The data =
>>>>>
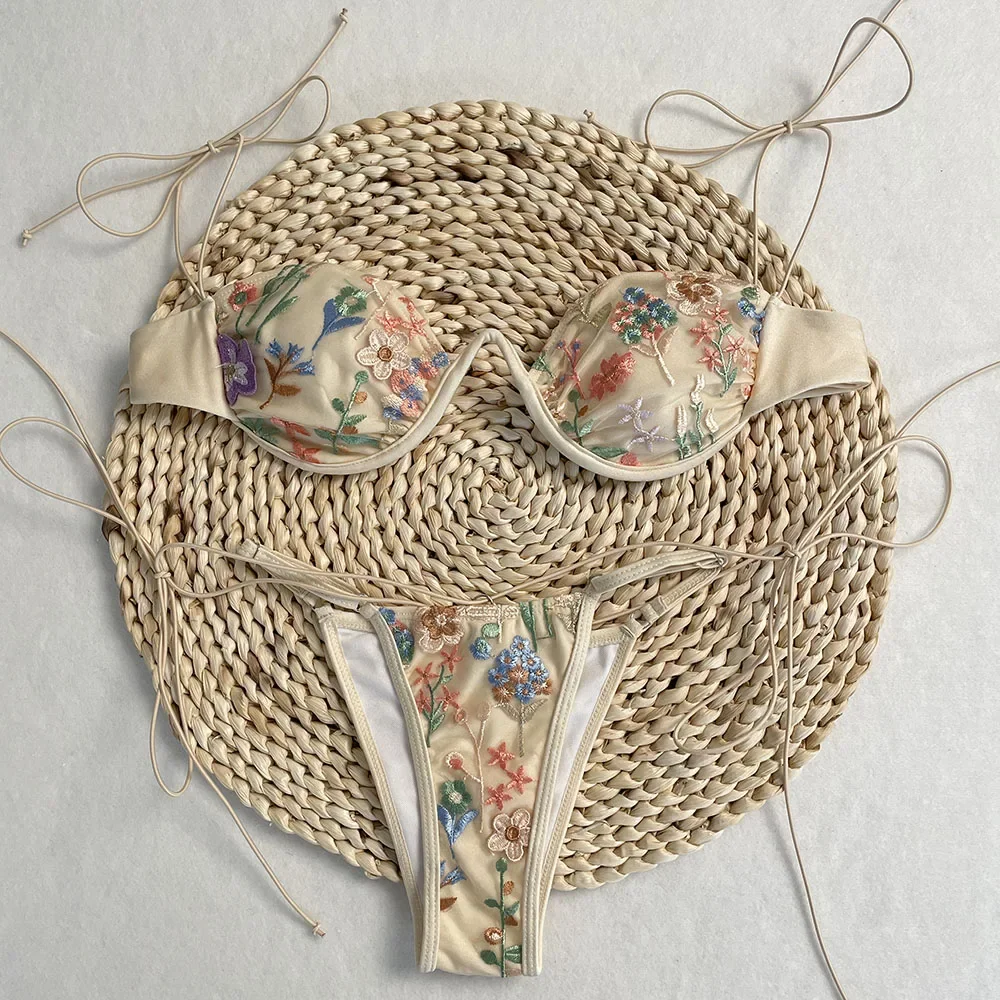 Bathing Suit Women Two-Piece Swimsuit Bikini Summer Swimwear Suit Beach New Bathing Set Inwrought Biqini Suit Sexy Micro Bikini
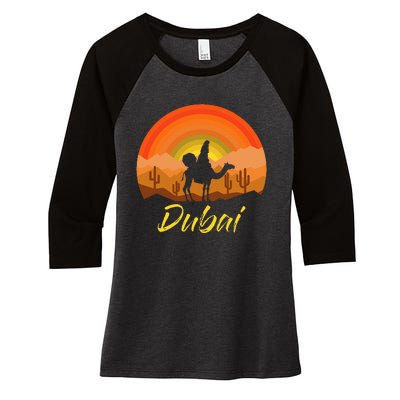 Dubai United Arab Emirates The Palm Women's Tri-Blend 3/4-Sleeve Raglan Shirt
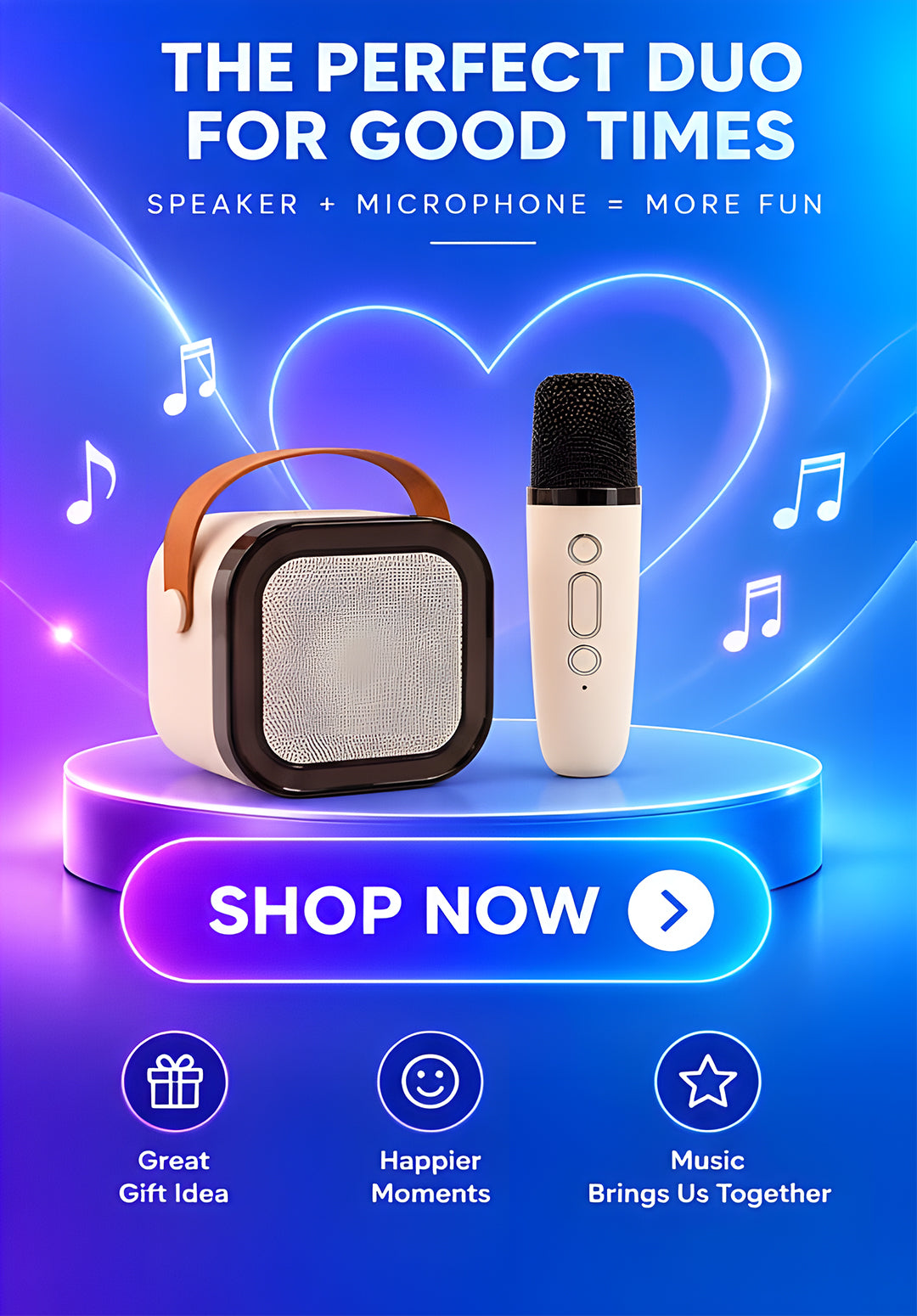 Volas Portable Bluetooth Karaoke Speaker with Microphone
<<<<<
Task to complete =
Please give back every line above exactly as it stands, without pictures.

Solution for this task =
 Bathing Suit Women Two-Piece Swimsuit Bikini Summer Swimwear Suit Beach New Bathing Set Inwrought Biqini Suit Sexy Micro Bikini
 Dubai United Arab Emirates The Palm Women's Tri-Blend 3/4-Sleeve Raglan Shirt
 Volas Portable Bluetooth Karaoke Speaker with Microphone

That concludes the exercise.